En dépit de l’inflexion de leur discours depuis février 2022, les élus RN au Parlement européen ont continué à freiner la solidarité avec Kiev et les mesures de rétorsion à l’égard de la Russie. Ils ont voté contre la résolution réclamant la création d’une seconde commission spéciale sur la désinformation et les ingérences étrangères, notamment de la Russie (10 mars 2022), contre la résolution pour accorder une libéralisation temporaire des échanges entre l’UE et l’Ukraine (le 19 mai 2022) et contre la résolution visant à faire reconnaître la Fédération de Russie comme État soutenant le terrorisme (le 23 novembre 2022).

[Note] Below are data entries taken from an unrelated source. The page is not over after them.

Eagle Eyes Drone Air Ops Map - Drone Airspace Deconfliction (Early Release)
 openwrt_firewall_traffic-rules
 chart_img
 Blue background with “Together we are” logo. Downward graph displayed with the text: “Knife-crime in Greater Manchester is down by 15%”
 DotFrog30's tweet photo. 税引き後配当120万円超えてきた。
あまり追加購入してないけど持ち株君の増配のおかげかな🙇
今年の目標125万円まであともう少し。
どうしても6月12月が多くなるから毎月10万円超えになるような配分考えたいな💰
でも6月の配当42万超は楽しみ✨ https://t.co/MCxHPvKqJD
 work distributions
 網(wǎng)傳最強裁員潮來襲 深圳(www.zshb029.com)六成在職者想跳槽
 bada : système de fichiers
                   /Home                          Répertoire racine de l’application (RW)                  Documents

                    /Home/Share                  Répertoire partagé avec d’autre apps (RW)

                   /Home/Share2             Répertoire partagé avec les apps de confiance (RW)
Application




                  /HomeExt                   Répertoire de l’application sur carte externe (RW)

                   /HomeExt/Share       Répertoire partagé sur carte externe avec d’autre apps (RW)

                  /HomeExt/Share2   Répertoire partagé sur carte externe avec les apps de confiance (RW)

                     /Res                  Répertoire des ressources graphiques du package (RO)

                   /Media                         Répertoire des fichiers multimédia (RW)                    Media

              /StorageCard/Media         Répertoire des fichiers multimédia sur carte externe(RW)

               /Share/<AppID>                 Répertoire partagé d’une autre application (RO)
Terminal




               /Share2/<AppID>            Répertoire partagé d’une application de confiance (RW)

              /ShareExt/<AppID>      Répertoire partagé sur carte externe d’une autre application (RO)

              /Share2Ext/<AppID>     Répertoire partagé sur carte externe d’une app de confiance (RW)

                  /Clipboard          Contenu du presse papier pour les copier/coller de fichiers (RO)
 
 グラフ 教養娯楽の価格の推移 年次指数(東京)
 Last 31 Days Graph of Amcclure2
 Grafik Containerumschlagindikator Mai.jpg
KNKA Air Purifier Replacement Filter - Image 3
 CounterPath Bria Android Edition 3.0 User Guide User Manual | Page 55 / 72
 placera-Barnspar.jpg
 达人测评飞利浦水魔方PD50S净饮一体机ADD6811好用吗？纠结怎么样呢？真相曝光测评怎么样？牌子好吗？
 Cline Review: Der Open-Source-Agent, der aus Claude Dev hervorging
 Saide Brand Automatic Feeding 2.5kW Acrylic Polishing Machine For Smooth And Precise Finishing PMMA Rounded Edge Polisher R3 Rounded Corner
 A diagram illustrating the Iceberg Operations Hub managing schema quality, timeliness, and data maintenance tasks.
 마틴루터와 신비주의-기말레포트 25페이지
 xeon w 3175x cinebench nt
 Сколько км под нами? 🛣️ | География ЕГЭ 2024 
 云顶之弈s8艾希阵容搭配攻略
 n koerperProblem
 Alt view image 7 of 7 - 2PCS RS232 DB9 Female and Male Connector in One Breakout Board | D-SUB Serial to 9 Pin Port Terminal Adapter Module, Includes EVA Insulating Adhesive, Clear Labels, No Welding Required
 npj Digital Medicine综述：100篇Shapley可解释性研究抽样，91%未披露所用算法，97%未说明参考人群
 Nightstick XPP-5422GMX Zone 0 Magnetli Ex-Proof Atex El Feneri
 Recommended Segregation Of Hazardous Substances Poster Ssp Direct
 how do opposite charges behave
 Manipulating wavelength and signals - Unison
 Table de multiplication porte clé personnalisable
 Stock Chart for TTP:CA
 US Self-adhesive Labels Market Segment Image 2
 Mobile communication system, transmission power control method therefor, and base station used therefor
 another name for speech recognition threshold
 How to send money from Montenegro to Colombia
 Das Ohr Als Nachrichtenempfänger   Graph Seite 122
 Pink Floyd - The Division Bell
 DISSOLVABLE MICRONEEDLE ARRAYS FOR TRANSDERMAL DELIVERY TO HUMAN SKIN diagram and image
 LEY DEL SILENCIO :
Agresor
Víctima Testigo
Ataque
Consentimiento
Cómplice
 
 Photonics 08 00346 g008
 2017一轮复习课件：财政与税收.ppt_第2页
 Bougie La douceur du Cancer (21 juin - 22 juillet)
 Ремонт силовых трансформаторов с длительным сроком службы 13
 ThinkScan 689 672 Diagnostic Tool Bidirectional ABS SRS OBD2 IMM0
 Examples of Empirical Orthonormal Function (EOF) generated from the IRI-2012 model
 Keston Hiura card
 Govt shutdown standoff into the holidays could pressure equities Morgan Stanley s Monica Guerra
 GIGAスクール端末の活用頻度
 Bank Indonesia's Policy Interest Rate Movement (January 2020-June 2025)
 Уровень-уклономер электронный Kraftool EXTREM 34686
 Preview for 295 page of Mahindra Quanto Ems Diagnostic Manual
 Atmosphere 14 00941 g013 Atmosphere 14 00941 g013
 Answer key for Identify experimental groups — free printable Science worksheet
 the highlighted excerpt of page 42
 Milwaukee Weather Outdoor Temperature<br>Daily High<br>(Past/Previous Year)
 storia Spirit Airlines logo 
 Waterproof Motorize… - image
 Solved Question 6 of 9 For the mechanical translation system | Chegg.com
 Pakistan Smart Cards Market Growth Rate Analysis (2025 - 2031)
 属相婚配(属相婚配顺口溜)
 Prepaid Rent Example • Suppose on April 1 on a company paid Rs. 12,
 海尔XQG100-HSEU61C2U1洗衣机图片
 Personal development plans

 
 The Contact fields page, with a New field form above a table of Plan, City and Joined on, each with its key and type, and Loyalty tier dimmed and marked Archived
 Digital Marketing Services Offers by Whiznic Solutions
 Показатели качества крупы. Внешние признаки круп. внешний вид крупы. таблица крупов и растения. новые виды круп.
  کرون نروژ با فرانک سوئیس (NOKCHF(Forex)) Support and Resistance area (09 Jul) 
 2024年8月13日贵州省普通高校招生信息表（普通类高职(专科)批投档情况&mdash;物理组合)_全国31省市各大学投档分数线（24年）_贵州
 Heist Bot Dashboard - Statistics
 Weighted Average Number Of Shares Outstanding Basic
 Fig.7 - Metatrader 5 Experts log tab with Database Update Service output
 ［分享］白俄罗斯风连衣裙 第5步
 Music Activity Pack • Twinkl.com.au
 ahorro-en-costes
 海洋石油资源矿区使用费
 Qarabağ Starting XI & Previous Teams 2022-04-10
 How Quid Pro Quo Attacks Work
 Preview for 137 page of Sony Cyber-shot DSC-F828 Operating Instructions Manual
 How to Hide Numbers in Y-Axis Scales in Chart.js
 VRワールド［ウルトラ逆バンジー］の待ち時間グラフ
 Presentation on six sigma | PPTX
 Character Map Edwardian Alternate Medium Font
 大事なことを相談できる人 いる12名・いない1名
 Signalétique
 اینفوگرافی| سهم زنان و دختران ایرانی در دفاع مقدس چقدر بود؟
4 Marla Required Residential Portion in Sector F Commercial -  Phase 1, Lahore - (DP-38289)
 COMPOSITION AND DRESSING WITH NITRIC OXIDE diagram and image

Ils se sont abstenus sur la résolution condamnant l’escalade de la Russie dans sa guerre d’agression contre l’Ukraine (le 6 octobre 2022), sur la résolution visant à établir un instrument de soutien financier à l’Ukraine pour 2023 (le 24 novembre 2022), sur la résolution visant à mettre en place un tribunal sur le crime d’agression commis par la Russie contre l’Ukraine (le 19 janvier 2023), sur la résolution sur la préparation du sommet UE-Ukraine (le 2 février 2023), sur la résolution condamnant les conditions de détention d’Alexeï Navalny et d’autres prisonniers politiques russes (le 16 février 2023), sur la résolution à l’occasion des 1 an de l’invasion et de la guerre d’agression lancée par la Russie contre l’Ukraine (le 16 février 2023).
Et ils se sont organisés pour être absents lors des votes sur la résolution appelant à renforcer les sanctions contre la Russie (le 7 avril 2022) et sur la résolution condamnant la répression accrue du régime russe ainsi que la condamnation d’Alexeï Navalny (le 7 avril 2022).
https://www.lagrandeconversation.com/po ... sparaitre/
Bon en même temps que le RN mente ou pas ses électeurs s'en foutent.